Autoritratto su sfondo arancione
Nel 1936 Werner Berg, per la prima volta nella sua vita, fu travolto da una grossa crisi. Solo un anno prima, la polizia aveva ordinato la sospensione della sua mostra a Colonia, rovinando la sua reputazione e marcandolo come artista degenerato. Dopo l’inaspettata fine dell’amicizia con l’ammirato artista Herbert Boeckl, si ritrovò abbandonato a se stesso. Il collega di studi e poeta Kurt Sachsse, che nel 1931 si era trasferito assieme a Berg alla fattoria Rutar assumendone il ruolo di “gestore”, nel 1936 abbandonò la stessa a causa di incomprensioni, togliendosi poi la vita verso la fine dello stesso anno.
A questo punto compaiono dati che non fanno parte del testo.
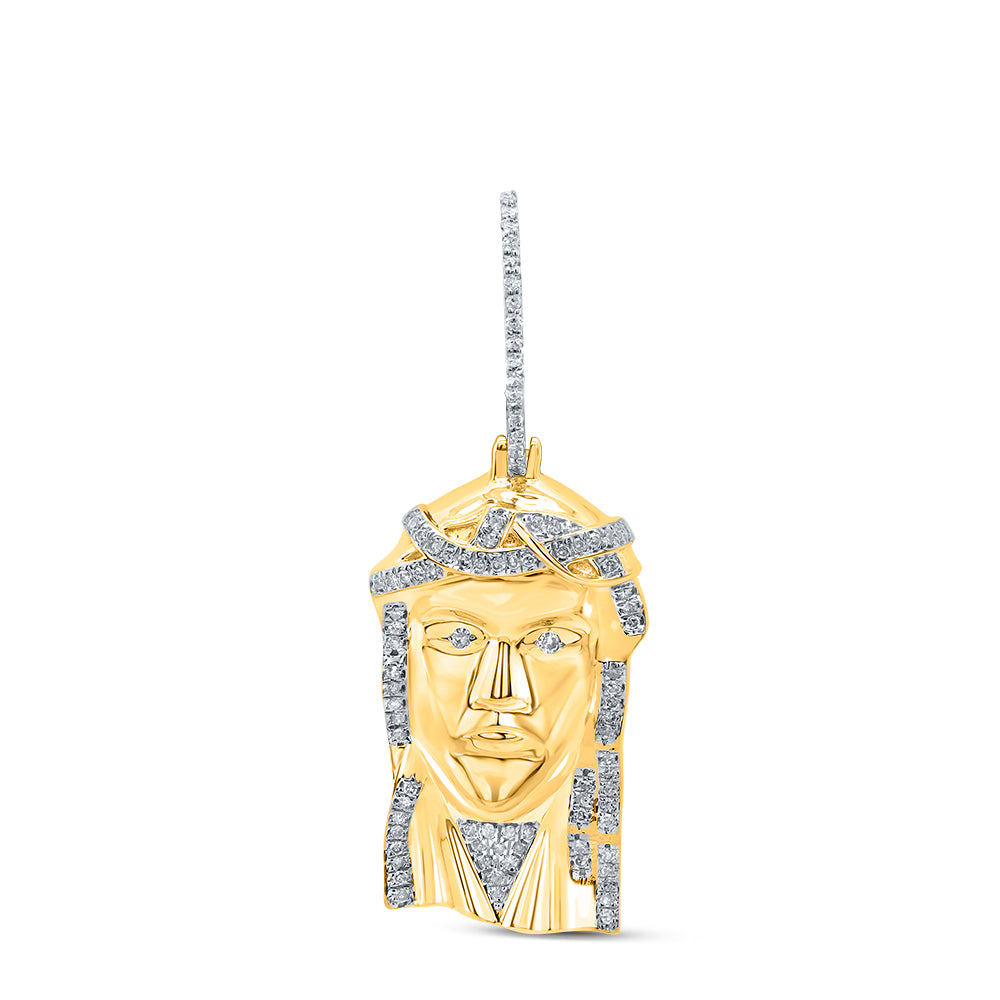 Gold Jesus Face Charm Pendant 1/4 Cttw Round Natural Diamond Mens (1.6 grams)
Anche Werner Berg avverti il crollo del suo concetto di esistenza: l’arte, come punto di arrivo per sentirsi realizzati nella vita, aveva tutte le porte sbarrate, mentre l’attività agricola non era abbastanza proficua da poter sfamare una famiglia di sei membri.
Come se tutto fosse andato bruciato e distrutto, così lui è fermo con la faccia nel buio, davanti allo sfondo arancione del dipinto. La raffigurazione è più naturalistica ed esteriore rispetto ai dipinti degli anni precedenti – la strada verso il modernismo che Werner Berg aveva intrapreso pieno di tanta speranza, sembra ora chiusa per un tempo indeterminato.
Due autoritratti del 1936 segnalano la svolta. Il dubbio ricercato si tramuta in mancanza di fiducia, lo sguardo forzato, riflesso con la coda dell’occhio, diventa un segnale di inquietudine – quella propria e di chi gli sta di fronte.